Nothing but the lines from the one with "QR-code link către meniul Wake.eat.drink" down to the one with "HARLEY FXDL 1580 2011" should be returned, exactly and with both ends included, from the material below.
━━━━━ INPUT DATA ━━━━━
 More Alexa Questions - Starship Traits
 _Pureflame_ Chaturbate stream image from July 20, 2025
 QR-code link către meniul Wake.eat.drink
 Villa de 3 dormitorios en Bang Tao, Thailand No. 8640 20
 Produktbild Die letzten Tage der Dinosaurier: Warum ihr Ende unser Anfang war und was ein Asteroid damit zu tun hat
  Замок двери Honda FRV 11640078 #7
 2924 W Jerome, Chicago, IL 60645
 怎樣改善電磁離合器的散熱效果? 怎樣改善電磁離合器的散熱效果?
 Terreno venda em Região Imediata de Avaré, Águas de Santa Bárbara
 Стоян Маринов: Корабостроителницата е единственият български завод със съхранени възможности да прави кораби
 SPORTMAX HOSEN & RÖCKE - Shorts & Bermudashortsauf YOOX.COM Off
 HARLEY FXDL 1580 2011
━━━━━
━━━━━ INPUT DATA ━━━━━
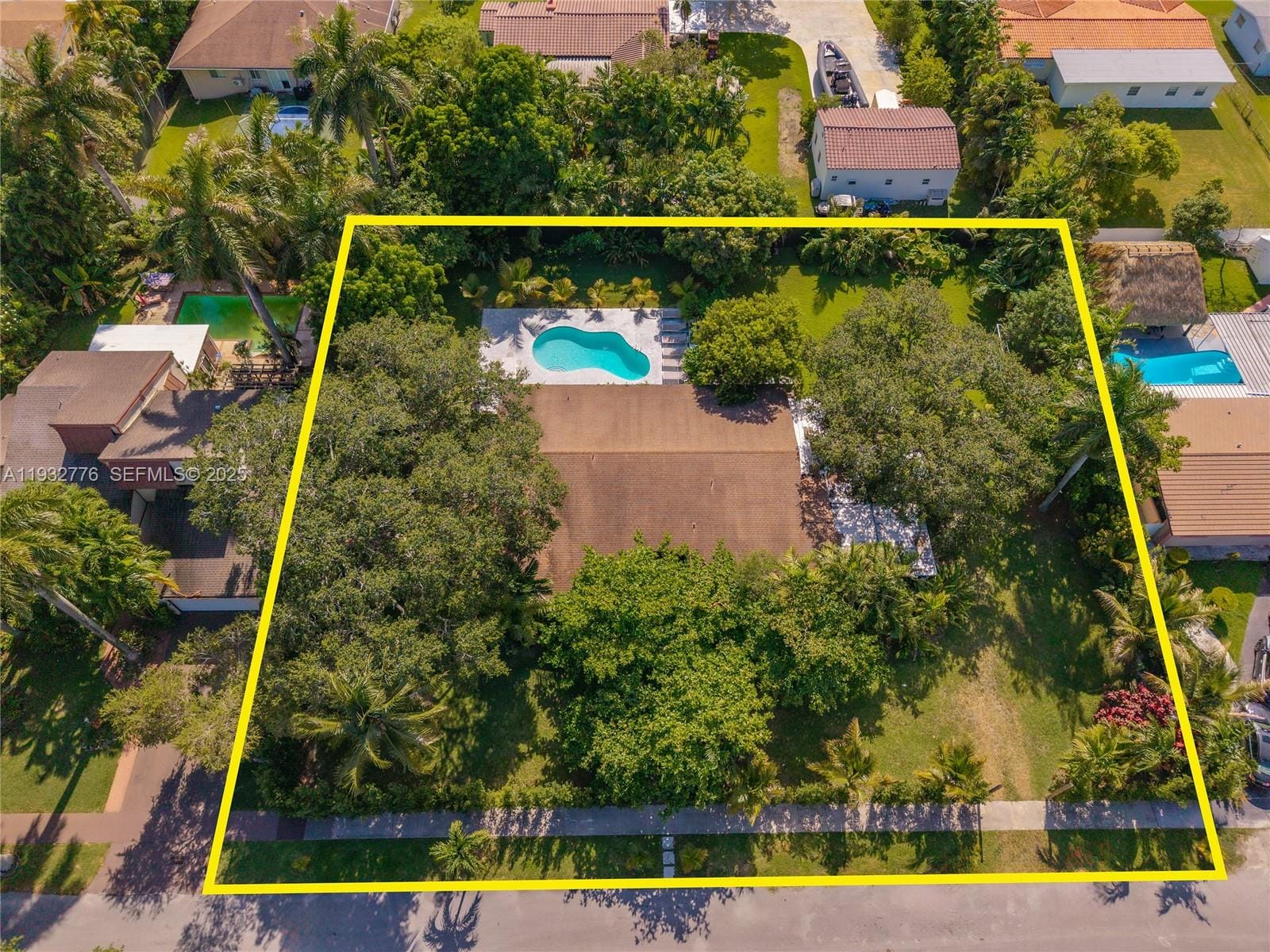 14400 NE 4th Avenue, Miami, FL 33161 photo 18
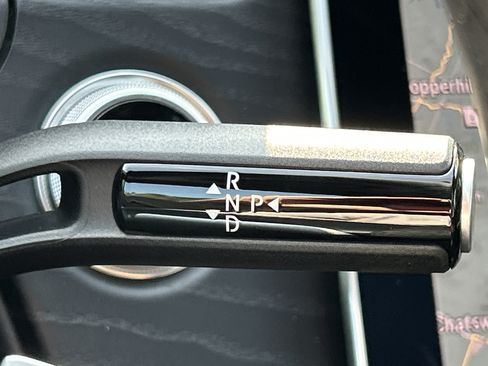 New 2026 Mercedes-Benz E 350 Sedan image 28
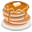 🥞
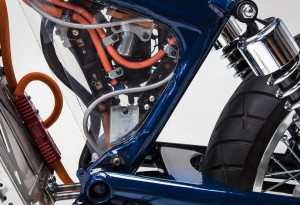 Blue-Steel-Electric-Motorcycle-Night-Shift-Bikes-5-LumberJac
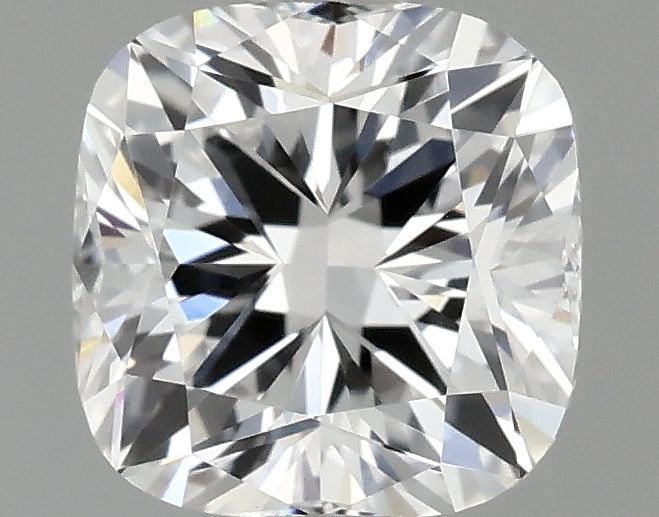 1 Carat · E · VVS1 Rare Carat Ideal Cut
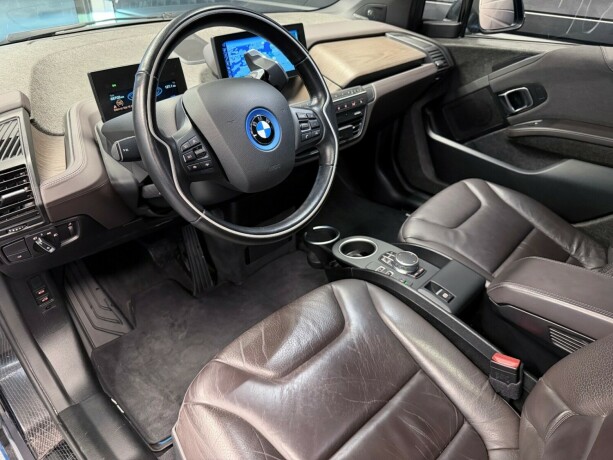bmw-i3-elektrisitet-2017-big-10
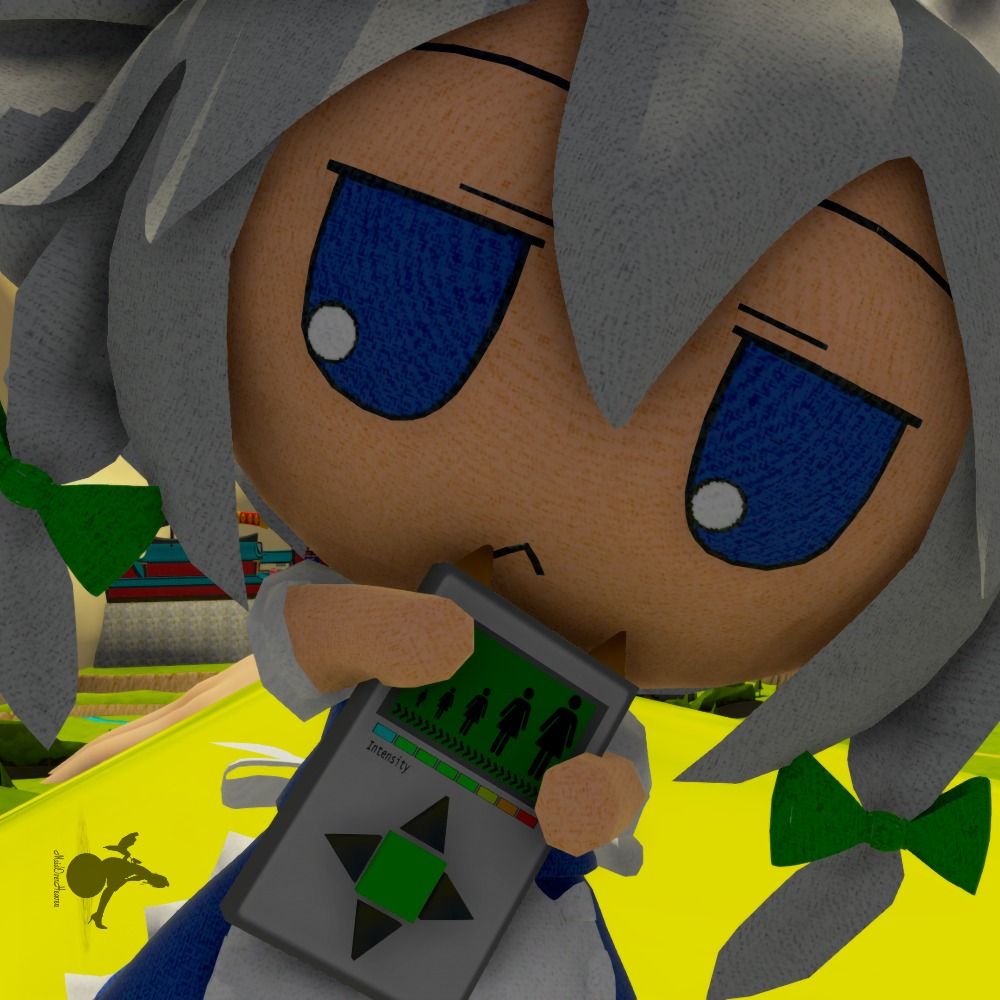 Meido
━━━━━
━━━━━ INPUT DATA ━━━━━
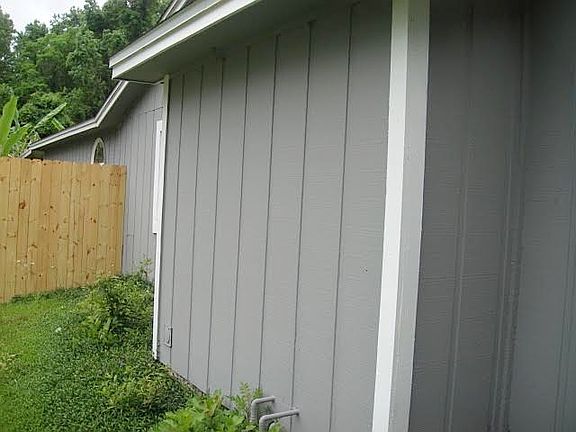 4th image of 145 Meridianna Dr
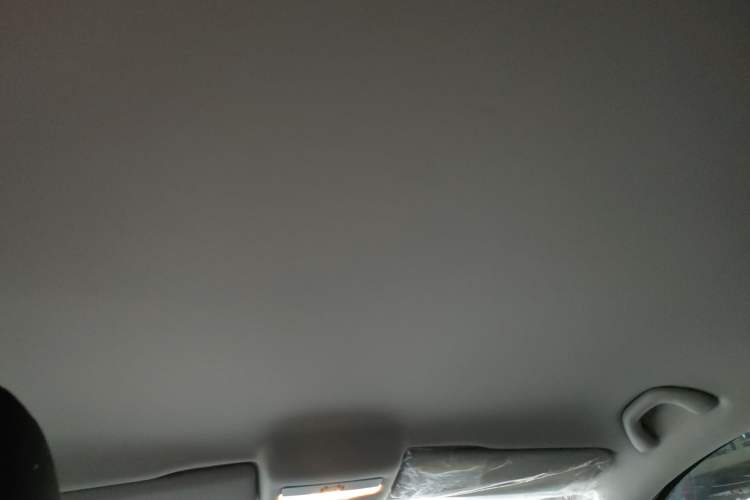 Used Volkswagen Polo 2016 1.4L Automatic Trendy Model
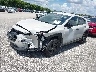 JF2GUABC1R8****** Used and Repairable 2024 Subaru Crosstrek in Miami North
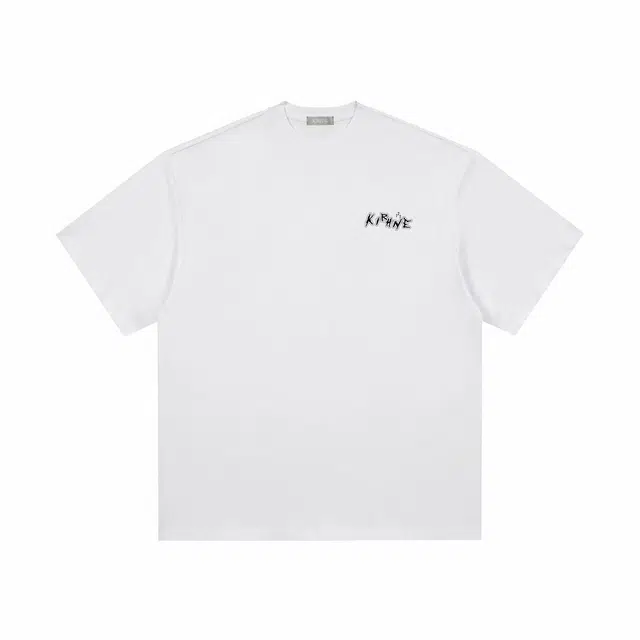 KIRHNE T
━━━━━
SOLUTION TO THIS EXERCISE:
 QR-code link către meniul Wake.eat.drink
 Villa de 3 dormitorios en Bang Tao, Thailand No. 8640 20
 Produktbild Die letzten Tage der Dinosaurier: Warum ihr Ende unser Anfang war und was ein Asteroid damit zu tun hat
  Замок двери Honda FRV 11640078 #7
 2924 W Jerome, Chicago, IL 60645
 怎樣改善電磁離合器的散熱效果? 怎樣改善電磁離合器的散熱效果?
 Terreno venda em Região Imediata de Avaré, Águas de Santa Bárbara
 Стоян Маринов: Корабостроителницата е единственият български завод със съхранени възможности да прави кораби
 SPORTMAX HOSEN & RÖCKE - Shorts & Bermudashortsauf YOOX.COM Off
 HARLEY FXDL 1580 2011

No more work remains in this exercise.